Your instructions> Please write out the listing exactly, leaving each picture out.

Material provided>
★ ★ ★ ★ ★ ★ ★

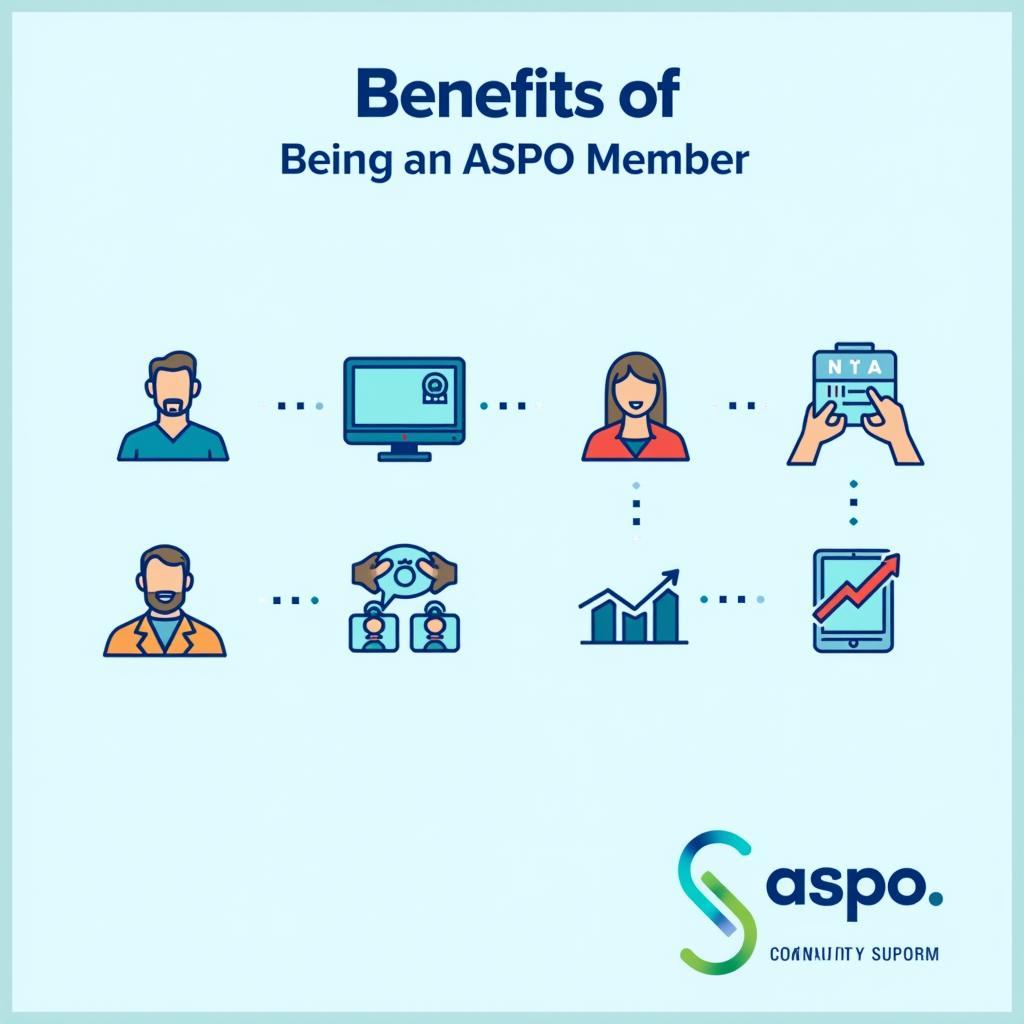 Benefits of Joining ASPO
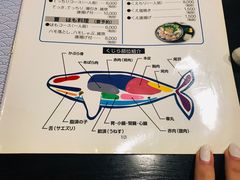 -鯨料理 徳家
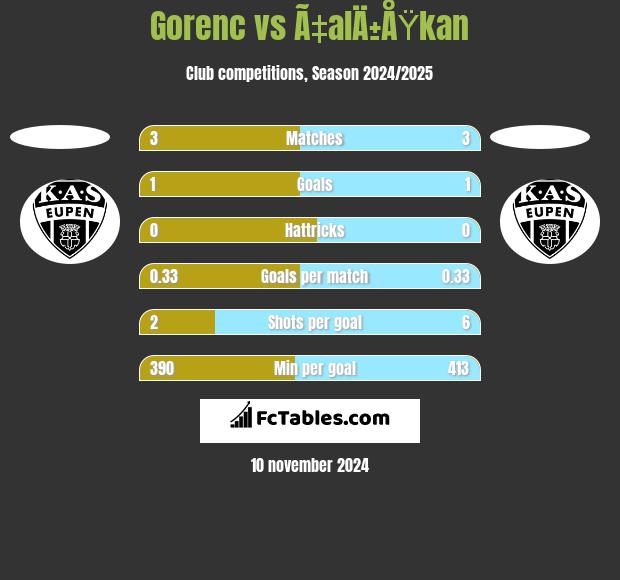 Gorenc vs Ã‡alÄ±ÅŸkan h2h player stats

★ ★ ★ ★ ★ ★ ★

Written response>
 Benefits of Joining ASPO
 -鯨料理 徳家
 Gorenc vs Ã‡alÄ±ÅŸkan h2h player stats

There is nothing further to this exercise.